Eighteen months ago, I wrote in this newsletter about coverage of Senate Republicans’ obstructionism over the debt ceiling, an artificial borrowing cap that Democrats were then trying to raise. At the time, various media critics had taken the political press to task for “both-sidesing” the story, covering it as a “showdown” for which both parties bore responsibility rather than a cynical and hypocritical GOP gambit. (Hypocritical because Republicans voted repeatedly to raise the debt ceiling under President Trump while also running up more debt.)

Senate Republicans eventually allowed the Democratic majority to kick the can down the road for two months, through December 2021, at which point Congressional Democrats voted through a longer-term hike to the debt ceiling. Earlier this year, however, the issue came around again…

An estimated “X-date” of sometime in early June soon swam into focus. Cue another round of Washington psychodrama—this time with Republicans in the House majority and demanding sharp spending cuts in exchange for a vote on the debt ceiling. Cue, too, another round of media criticism of the coverage of the psychodrama—including from Fallows, who again urged reporters not to take a “both-sides” approach, and pointed back to his work from 2021. “The issues,” he wrote, “are the same.”

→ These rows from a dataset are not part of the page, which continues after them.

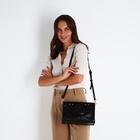 Сумка женская саквояж на молнии, 25×11×17 см, чёрная - Фото 8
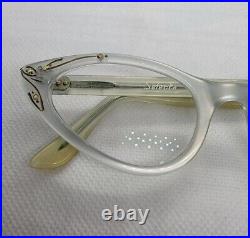 SELECTA 1950's Cat Eye Rhinestone Pearl Blue Green Vintage Eyeglasses Frame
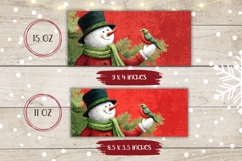 Cartoon Christmas Snowman Mug Design, Christmas Mug Wrap Product Image 2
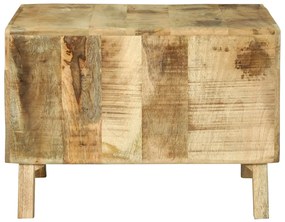 Dohányzóasztal 50x50x35 cm Tömör durva mangófából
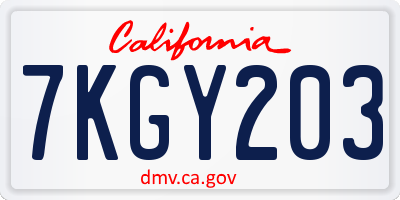 CA license plate 7KGY203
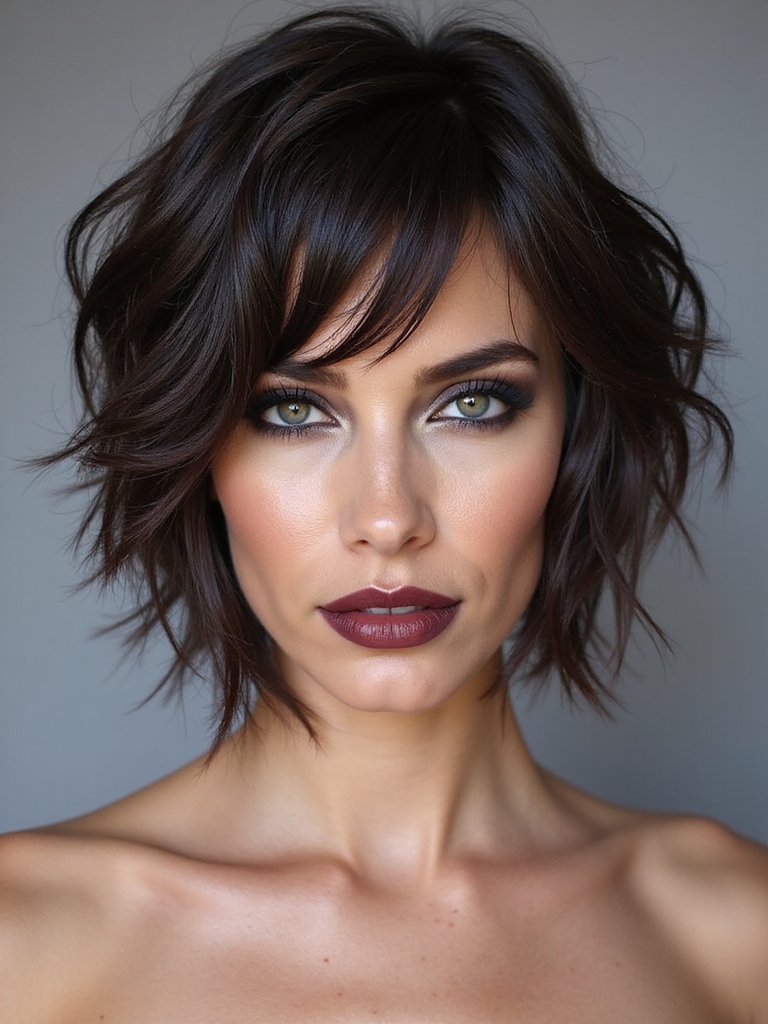 wet textured sleek choppy bob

This time around, many liberal media critics have taken issue with coverage that they have seen as normalizing Republican “hostage-taking” over the debt ceiling, the raising of which is a matter of meeting financial obligations that Congress has already authorized (not a question of approving new spending) and has usually been handled without much drama. Jonathan Chait, of New York magazine, accused several reporters and analysts of conflating “negotiation” over the debt ceiling (which has happened in the past) with House Republicans’ current “extortion” tactics…

Media Matters for America, a progressive watchdog group, analyzed coverage in five major newspapers and found that relatively few of their articles mentioned Republicans’ role in hiking the debt while voting to raise the debt ceiling under Trump.

This criticism of the coverage has faced pushback, and not only from predictable quarters: some progressive Democrats have argued that President Biden himself normalized Republican tactics by eventually agreeing to negotiate with McCarthy having previously said that he would not, then ceded narrative ground to the GOP by staying relatively silent as Republican negotiators dished frequently to the reporters covering the talks. Indeed, the idea that McCarthy was winning the media war congealed into a sort of meta-narrative, not least in the press itself. Last week, Punchbowl wrote that House Republicans had been “surprisingly successful at setting the overall public narrative for the negotiations as the endgame unfolds.” House Republicans then blasted this line out in a press release, characterizing it as mainstream-media praise.

If all this seems frustratingly circular to you, you wouldn’t be the only one—indeed, it’s possible to see the McCarthy-narrative narrative as one of a number of concentric circles here, with the outermost being the circular nature of the debt-ceiling question itself.